Start with a dataframe:
DATE <- paste0("201", c(5,5, 6, 6))
HHWEIGHT <- c(100, 200, 100,300)
HHINCOME <- c(30, 40, 50, 20)
STUFF <- data.frame(DATE, HHWEIGHT, HHINCOME)
This is a weighted mean function, grouped by date. It uses names internal to the dataframe for grouping and to create new columns.
mean_dt <- function(X){
X <- group_by(X, DATE)
X <- mutate(X, subtot = sum(HHWEIGHT))
X <- mutate(X, inc_wt = (HHWEIGHT * HHINCOME)/subtot)
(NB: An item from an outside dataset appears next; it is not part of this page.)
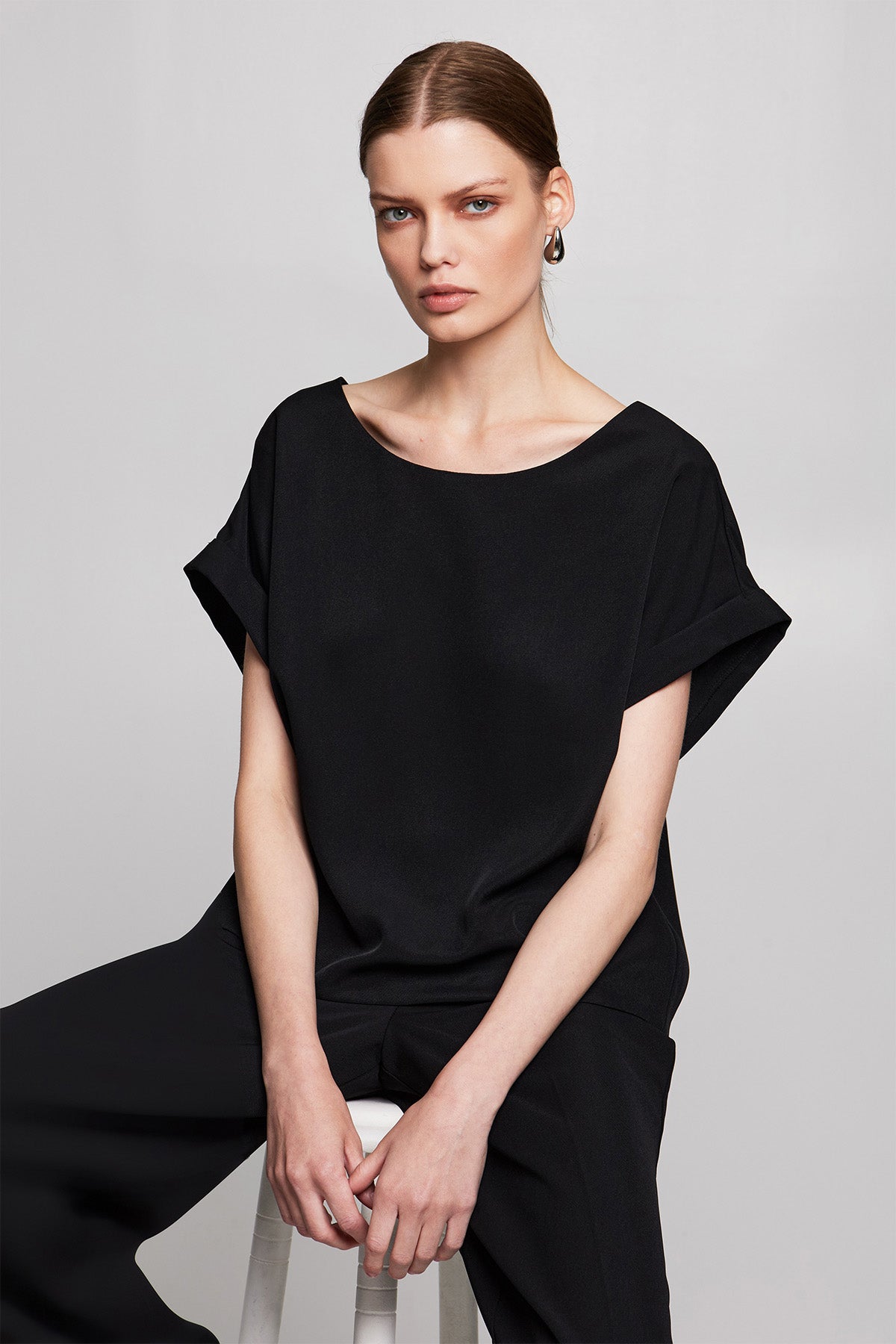 Bsb Geniş Yuvarlak Yaka Bluz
out <- summarize(X, mean(inc_wt))
out
}
mean_dt(STUFF)
Applied to the dataframe above, produces the following results:
# A tibble: 2 x 2
DATE `mean(inc_wt)`
<fctr> <dbl>
1 2015 18.33333
2 2016 13.75000
My goal is that after assigning a dataframe to MyClass with the constructor, I could use the assigned names internally in class functions, as if the dataframe had been renamed by the (non-NULL -- NULLs do something else) names in the constructor. So after calling this constructor:
MyClass <- function(X, dt=year, wt=NULL, inc=income){
class(X) <- c("data.frame", "Myclass")
# seeking help here
X
}
STUFF2 <- MyClass(STUFF, dt=DATE, wt=HHWEIGHT, inc=HHINCOME)
The idea is that the method below would produce the same result as mean_dt above. Note that this is simply the function above using the names from the constructor. Note also that in its current form, the function below does not work, because R, or more specifically, dplyr, cannot find the names assigned by the constructor.
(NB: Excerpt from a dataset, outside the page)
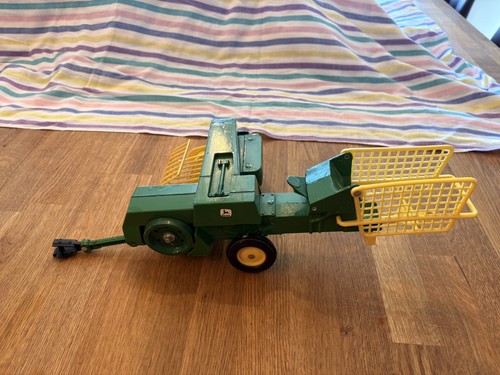 Vintage ertl john deere 585 - vintage,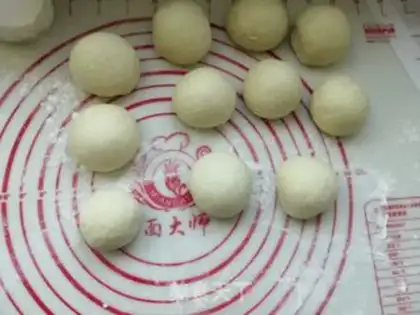 Make Red raisin roll step 6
MyClass.mean_dt <- function(X){
# seeking help here
X <- group_by(X, dt)
X <- mutate(X, subtot = sum(wt))
X <- mutate(X, inc_wt = (wt * inc)/subtot)
out <- summarize(X, mean(inc_wt))
out
}
mean_dt(STUFF2)
The question is whether something can be added to the constructor and/or my method functions, ideally something of a standardized form, that would make MyClass.mean_dt and other methods work as if object X, here STUFF2, had had its columns renamed by the assignments in the constructor. I think it would be added at one or both of the places I have marked "Need help here."
This problem is operating under two constraints. The first is that I want the user to be able to manipulate the object using the variable names s/he is used to, which are more likely to be the names the columns have at the start. But I want to write my own methods based on a common set of names, not the user's idiosyncratic names.
The second is that I do not want to achieve the internal-to-method-function's goal of being able to use the designated names by copying the object or any large set of columns. My objects are large -- ten to twenty gigs (uncompressed) is not unusual -- and designated columns would typically run in the dozens, and occasionally the hundreds. My hope is nonetheless to write software that people on ordinary computers can use. So I need to keep copying to a minimum.